Economists who observe such behavior may find no fault with their preparations nor with the “savings predilection” of foreigners, the official scapegoats of the international imbalance. They may even sympathize with people who are enjoying the rising value of their homes. But these economists lay the blame for the ominous imbalance of trade relations on the Federal Reserve System which, in the service of Federal deficit financing, managed to cause unprecedented maladjustments. In order to finance huge Federal budget deficits and prevent painful economic readjustments, it lowered interest rates far below market rates and glutted credit markets, which deceived and misled millions of people all over the globe. No other central bank possesses such powers; any attempt to emulate the Fed’s policies would cause its currency to crash.

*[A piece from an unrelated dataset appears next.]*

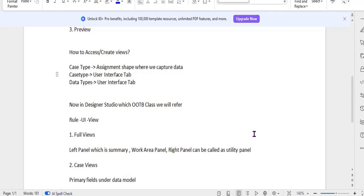The full view where we see case data is divided into three parts: the left panel (summary), the work area panel, and the right area panel — which we now call the utility panel. In all case types you can see on the right-hand side: work parties involved, followers, and attachments. The main case information is shown in the work area panel. On the left-hand side we show the summary, and if you want to add more properties based on your application needs, that is the summary panel.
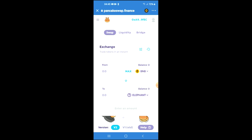From there you'll be able to swap the BNB for the Elephant crypto token. And that's how to buy Elephant Money crypto token on Trust Wallet and PancakeSwap.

Even the European Central Bank, which appeared on the scene in 1999, probably could not follow in Federal Reserve footsteps; it soon would damage the euro. Only the Federal Reserve still seems to have the capability to glut credit markets. Until the creation of the euro the U.S. dollar was the sole reserve currency of the world, held and used not only by every other central bank but also by thousands of commercial banks and countless public and private corporations. It had replaced gold as the universal medium of exchange during the early 1970s and has functioned as world money ever since. This world-wide function obviously has given and continues to give it exceptional strength that affords its issuer an extraordinary leeway for monetary expansion. It receives further support and strength from the reputation of the United States as a safe harbor for foreign investments. A reputation for principle and rectitude is itself a fortune. But how long can the dollar withstand false interest rates and massive budget deficits?

Many countries, rich and poor, now are supporting the richest country on earth. This odd situation raises serious questions of consequences if the creditor countries should suddenly tire of their chore and call a halt to the burden. What would happen if, for instance, the Asian central banks should suddenly refuse to add to their dollar holdings or even reduce them and instead decide to invest their surpluses in euros? Surely, such a reaction would lead to much international turbulence and severe economic crisis.

Economists who remember the past may point to the dollar crisis of 1979 and 1980 when the dollar was under persistent pressure from abroad, when its value was falling rapidly in relation to the currencies of other trading nations and to gold which was deemed to be a safer repository for reserves. Fueled by rising oil prices, the consumer price index soared nearly one percent every month and interest rates climbed to the highest level of the century. With markets for currencies, metals, and other commodities thrown into disarray and the rate of unemployment higher than seven percent, the Federal Reserve under the direction of chairman Paul Volcker finally “took away the punch bowl“ by raising the member bank discount rate to twelve percent and boosting marginal reserve requirements for member banks. A degree of hope was restored as many Americans realized that their government had to balance its budget and that people must live within their means, produce more efficiently, and conserve, save, and build for the future.

What we look for may not come to pass; yet we must not let the future frighten us. The present situation of American deficits and foreign credits may continue as far as the eye can see. After all, an old monetary order which had been created at the 1944 Bretton Woods Conference withstood much international disorder for more than thirty years. Some economists and their friends in government like to note the similarities of that order with the new. But this economist does not see the semblance. With his eyes on huge trade deficits and foreign debts and on grave international conflict and strife he braces for more commotion and crises to come.